Scuole e infrastrutture critiche al centro della prevenzione
Un aspetto fondamentale della missione del CMSU riguarda la protezione degli edifici più vulnerabili, con una particolare attenzione alle strutture strategiche. Un esempio concreto di questa attività è riscontrabile nelle città dello Stretto, dove le installazioni si concentrano negli edifici scolastici. Molte di queste strutture, spesso datate, non dispongono ancora di una verifica completa di vulnerabilità sismica. Grazie alle misure fornite dalle reti OSU (Osservatorio Sismico Urbano), è possibile ottenere dati oggettivi che supportano i processi decisionali in fase di emergenza. Invece di procedere a chiusure generalizzate e precauzionali, che possono paralizzare un’intera comunità, le autorità possono ora contare su criteri quantitativi per stabilire priorità di intervento, concentrando le verifiche tecniche dove i livelli di accelerazione registrati sono stati effettivamente più alti e potenzialmente pericolosi.
Il test sul campo: il terremoto nello Stretto di Messina
L’importanza di questa capillarità è stata confermata proprio lunedì 30 marzo, due giorni fa, alle ore 05:58, quando un terremoto di magnitudo ML 3.1 localizzato a circa 15 chilometri da Reggio Calabria è stato distintamente avvertito dalla popolazione fino a Messina. Sebbene le mappe di scuotimento regionali abbiano fornito una stima coerente a scala macroscopica, le reti sismiche urbane hanno svelato una realtà molto più complessa. A Messina sono stati registrati valori di accelerazione massima tra 0.5 e 1.5 cm/s², mentre a Reggio Calabria i dati hanno oscillato tra 0.98 e 7.28 cm/s². Questa enorme variabilità, definita dagli esperti come effetti di sito, è causata dalle diverse caratteristiche del terreno locale che possono amplificare le onde sismiche in punti specifici. Senza il monitoraggio urbano, queste differenze resterebbero invisibili, impedendo una corretta valutazione del rischio reale per i singoli isolati o quartieri.

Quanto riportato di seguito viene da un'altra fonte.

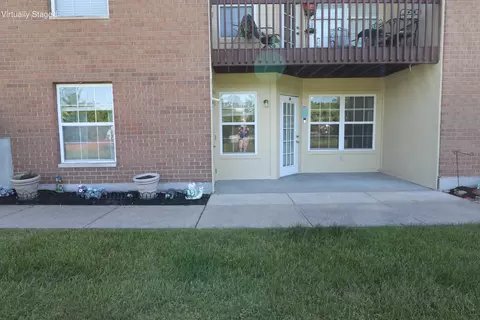 12 Meadow Ln #3, Highland Heights, KY 41076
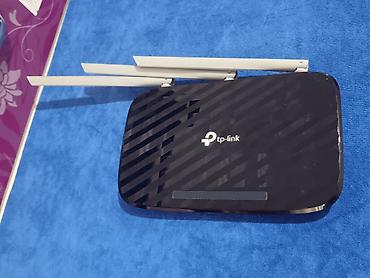 Модемы и сетевое оборудование: Wi‑Fi роутер TP‑Link (серия Archer/серый низ, глянцевая чёрная крышка — 3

Il futuro della gestione del rischio tra sismologia e ingegneria
L’istituzione del CMSU segna il punto di convergenza definitivo tra la sismologia pura e l’ingegneria strutturale. Le infrastrutture del Centro non sono solo strumenti di ricerca, ma diventano pilastri per sistemi avanzati di allerta e per una gestione del rischio basata su dati raccolti in tempo reale. Grazie all’analisi della risposta sismica locale, sarà possibile progettare città più resilienti e interventi di consolidamento mirati. Il valore aggiunto per il cittadino è la certezza di una protezione basata sulla ricerca avanzata e sulla collaborazione istituzionale, trasformando la conoscenza scientifica in uno strumento pratico di salvaguardia della vita umana e del patrimonio architettonico del Paese. Il monitoraggio in tempo reale e l’analisi strutturale costante rappresentano, da oggi, la nuova frontiera per una convivenza più consapevole e sicura con il rischio sismico in Italia.